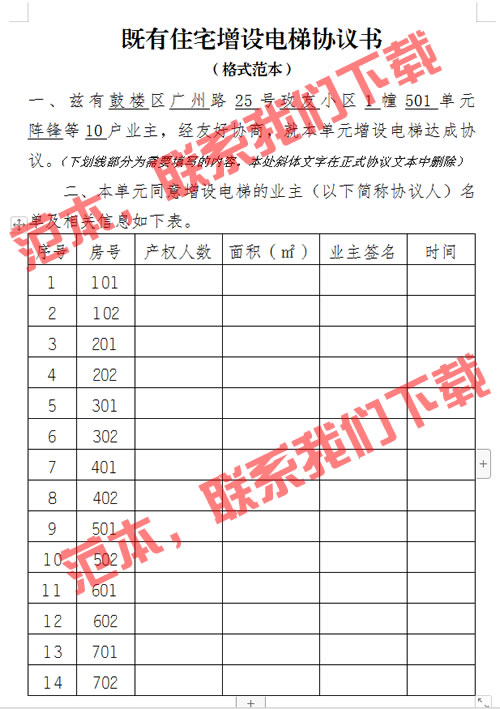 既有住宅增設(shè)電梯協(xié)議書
======
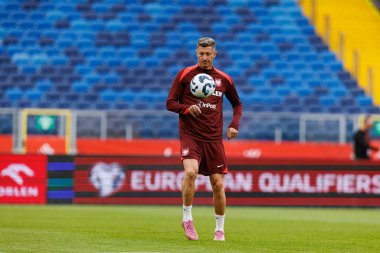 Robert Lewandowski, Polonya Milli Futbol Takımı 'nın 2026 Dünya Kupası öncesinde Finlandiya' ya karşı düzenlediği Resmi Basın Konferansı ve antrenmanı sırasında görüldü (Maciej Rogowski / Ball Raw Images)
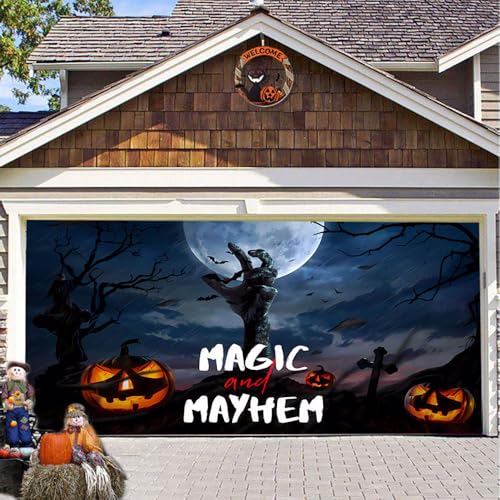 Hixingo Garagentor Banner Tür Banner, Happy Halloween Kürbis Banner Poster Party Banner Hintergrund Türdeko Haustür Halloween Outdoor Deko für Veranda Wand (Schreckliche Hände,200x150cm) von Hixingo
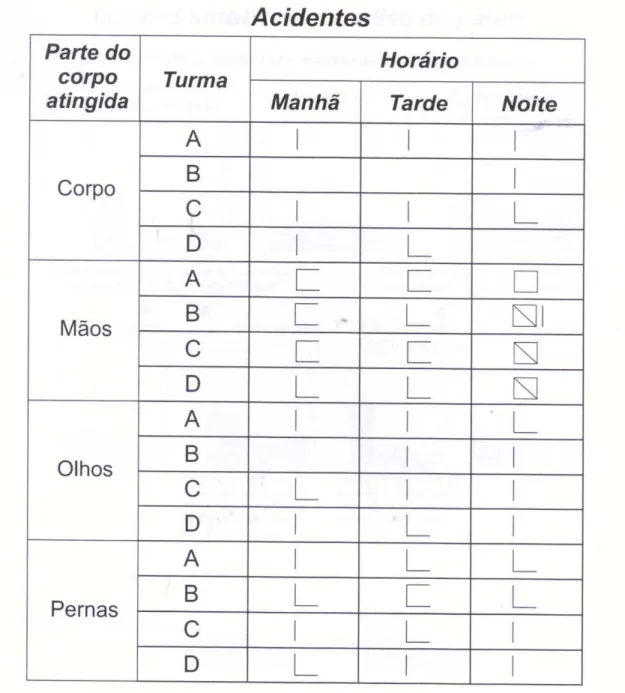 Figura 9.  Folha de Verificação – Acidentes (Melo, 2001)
======
Quote the data above exactly from the line with "Robert Lewandowski, Polonya" to the line with "Acidentes (Melo, 2001)", both ends counted, and nothing else. Pictures don't go in.

- [Finished exercise]
 Robert Lewandowski, Polonya Milli Futbol Takımı 'nın 2026 Dünya Kupası öncesinde Finlandiya' ya karşı düzenlediği Resmi Basın Konferansı ve antrenmanı sırasında görüldü (Maciej Rogowski / Ball Raw Images)
 Hixingo Garagentor Banner Tür Banner, Happy Halloween Kürbis Banner Poster Party Banner Hintergrund Türdeko Haustür Halloween Outdoor Deko für Veranda Wand (Schreckliche Hände,200x150cm) von Hixingo
 Figura 9.  Folha de Verificação – Acidentes (Melo, 2001)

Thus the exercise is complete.